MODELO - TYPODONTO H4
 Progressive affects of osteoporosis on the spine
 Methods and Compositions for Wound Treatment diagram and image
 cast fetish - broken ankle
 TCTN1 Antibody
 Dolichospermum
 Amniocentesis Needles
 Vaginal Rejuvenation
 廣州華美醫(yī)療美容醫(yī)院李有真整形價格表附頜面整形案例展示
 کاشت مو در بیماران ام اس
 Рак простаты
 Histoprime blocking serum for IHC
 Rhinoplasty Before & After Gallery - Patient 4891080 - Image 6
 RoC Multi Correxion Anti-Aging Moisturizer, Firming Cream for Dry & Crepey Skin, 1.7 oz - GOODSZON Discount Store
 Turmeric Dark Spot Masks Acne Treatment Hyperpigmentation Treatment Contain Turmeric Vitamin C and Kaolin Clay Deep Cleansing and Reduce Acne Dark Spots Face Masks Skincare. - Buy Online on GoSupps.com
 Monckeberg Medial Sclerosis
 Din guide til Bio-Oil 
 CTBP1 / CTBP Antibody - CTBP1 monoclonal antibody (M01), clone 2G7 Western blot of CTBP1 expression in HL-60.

************

_Required action_
All lines above from the one with "Progressive affects of" to the one with "RoC Multi Correxion", inclusive, should be copied exactly, and no other lines.

_Answer space_
 Progressive affects of osteoporosis on the spine
 Methods and Compositions for Wound Treatment diagram and image
 cast fetish - broken ankle
 TCTN1 Antibody
 Dolichospermum
 Amniocentesis Needles
 Vaginal Rejuvenation
 廣州華美醫(yī)療美容醫(yī)院李有真整形價格表附頜面整形案例展示
 کاشت مو در بیماران ام اس
 Рак простаты
 Histoprime blocking serum for IHC
 Rhinoplasty Before & After Gallery - Patient 4891080 - Image 6
 RoC Multi Correxion Anti-Aging Moisturizer, Firming Cream for Dry & Crepey Skin, 1.7 oz - GOODSZON Discount Store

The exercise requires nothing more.